Pledge:- Pledge is used when the lender (pledgee) takes actual possession of assets (i.e. certificates, goods ).  Such securities or goods  are movable securities.  In this case, the pledgee retains the possession of the goods until the pledgor (i.e. borrower) repays the entire debt amount.   In case there is default by the borrower, the pledgee has a right to sell the goods in his possession and adjust its proceeds towards the amount due (i.e. principal and interest amount).

A kind of bailment in which the goods are kept with the lender as security for the payment of a debt or fulfillment of the contract. There are two parties involved in the contract of pledge, i.e. pawnor, the one who pledges the asset and Pawnee, the one who grants a loan against collateral.

The title of goods remains with the Pawnor, but the possession of goods passes to the Pawnee. Deposit of goods with the lender is the precondition for the pledge. There can be actual or constructive possession of goods. It is the duty of the Pawnee, not to make unauthorized use of the pawnor’s goods and take reasonable care of the goods pledged.

In the case of the failure of payment by the borrower, the lender has the right to sell the asset held as collateral to recover the amount of the debt.

Examples of pledges are Gold /Jewellery Loans, Advance against goods,/stock,  Advances against National Saving Certificates etc


Hypothecation: It refers to a financial arrangement where the borrower borrows money by against the security of goods. Here goods mean movable property. In business parlance, hypothecation is defined as the charge created over the asset (usually inventories, debtors, etc.) for the repayment of debt of suppliers, creditors, and other parties.

Hypothecation is used for creating charge against the security of movable assets, but here the possession of the security remains with the borrower itself.   Thus, in case of default by the borrower, the lender (i.e. to whom the goods / security has been hypothecated) will have to first take possession of the security and then sell the same.

The best example of this type of arrangement is Car Loans. In this case, Car / Vehicle remains with the borrower but the same is hypothecated to the bank / financer.   In case the borrower defaults, banks take possession of the vehicle after giving notice and then sell the same and credit the proceeds to the loan account.

Other examples of this hypothecation are loans against stock and debtors.  [Sometimes, borrowers cheat the banker by partly selling goods hypothecated to bank and not keeping the desired amount of stock of goods.   In such cases, if bank feels that borrower is trying to cheat, then it can convert hypothecation to pledge i.e. it takes over possession of the goods and keeps the same under lock and key of the bank].

Example of Hypothecation:

1) Vehicle loans (Auto/bike Loans) are the best example to understand the hypothecation. If an individual wish to purchase a car and doesn’t have sufficient funds to buy hard cash. He will surely approach the bank to get the vehicle loan. The bank will hypothecate the vehicle which is to be purchased and approve the loan.

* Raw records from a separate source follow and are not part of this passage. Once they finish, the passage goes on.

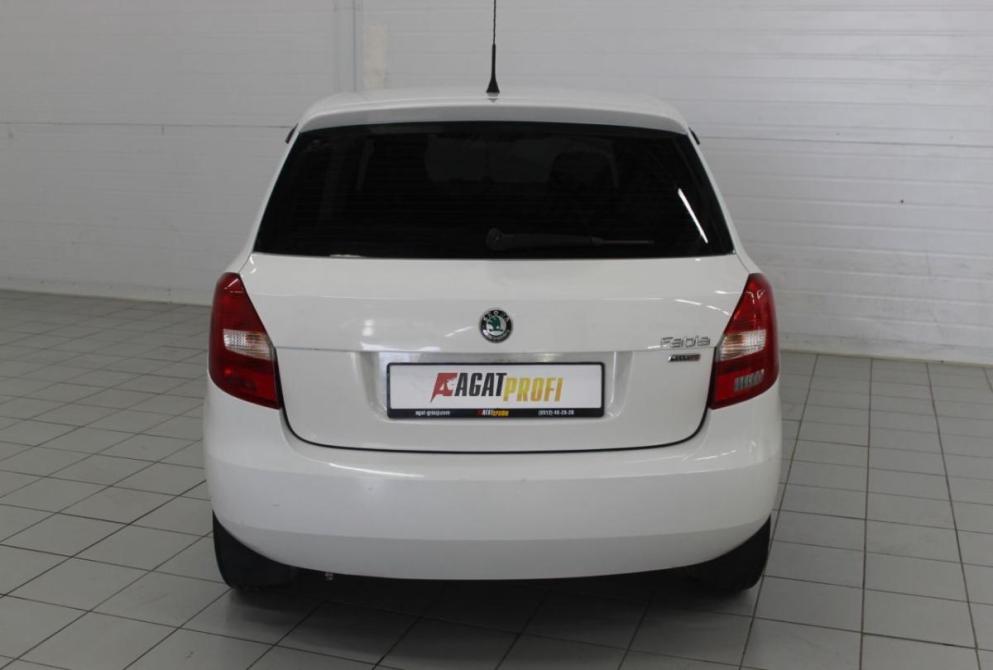 Skoda Fabia II Рестайлинг Астрахань  - изображение 9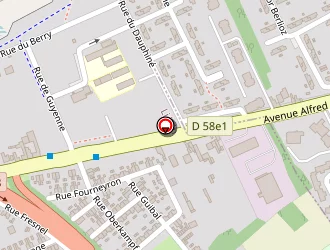 Carte de Pratte Michel à Liévin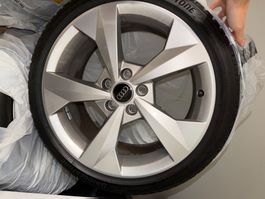 Audi Original Räder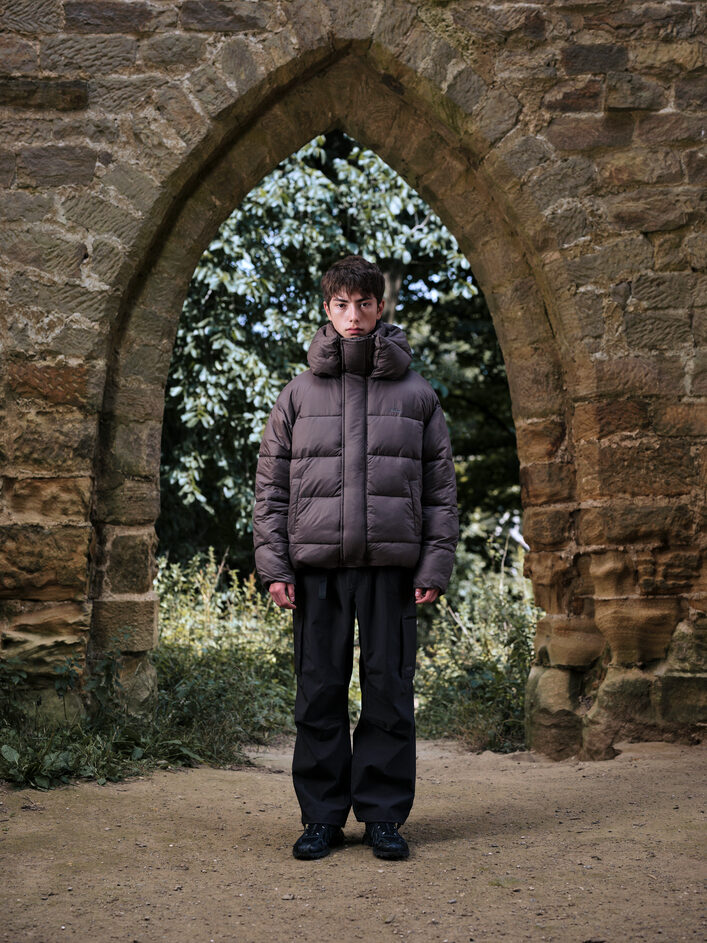 ELLIKER - Kisdon Insulated Jacket 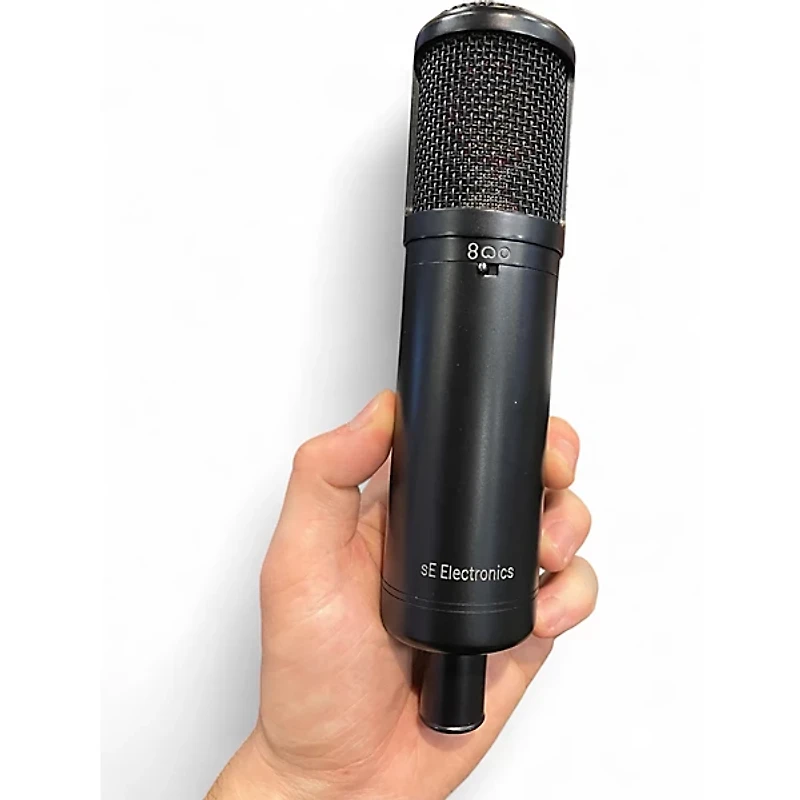 Used sE Electronics SE2300 Condenser Microphone
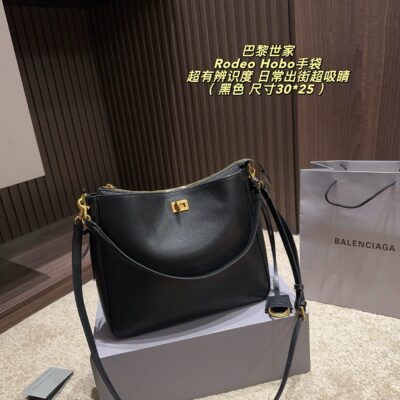 Rodeo Hobo Handbag
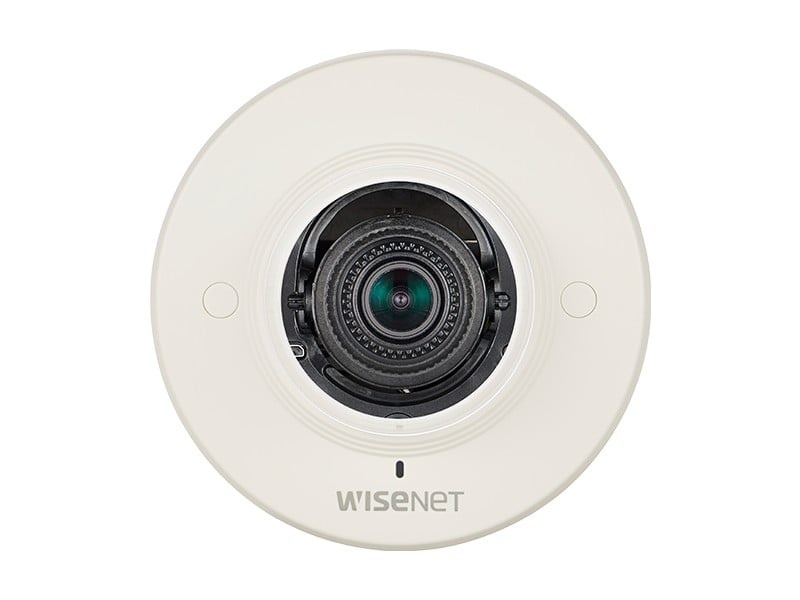 HANWHA VISION Hanwha XND-6011F Cupola Telecamera di sicurezza IP Interno 1920 x 1080 Pixel Soffitto - SISTEMI DI SORVEGLIANZA | TecnoCARE.net Sabaudia, Latina, Terracina, San Felice Circeo e Pontinia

Differences Between Pledge and Hypothecation

  1. The pledge is defined as the form of bailment in which goods are held as security for the payment of the debt or the performance of an obligation. Hypothecation is slightly different from the pledge, in which the collateral asset is not delivered to the lender.
  2. Parties to the contract of the pledge are the pawnor (borrower) and the Pawnee (lender) whereas in hypothecation the parties are hypothecator (borrower) and hypothecatee (lender).
  3. The pledge is defined in section 172 of the Indian Contract Act, 1872. On the other hand, Hypothecation is defined in Section 2 of Securitisation and Reconstruction of Financial Assets and Enforcement of Security Interest Act, 2002.
  4. In the pledge, the possession of the asset is transferred, but in the case of hypothecation, possession lies with the debtor only.
  5. In the pledge, when the borrower defaults in payment, the lender can exercise his right to sell the asset to recover the debt amount. Conversely, in hypothecation, the lender does not have the possession of goods so he can file a suit to realize his dues to take the possession first and then dispose of them.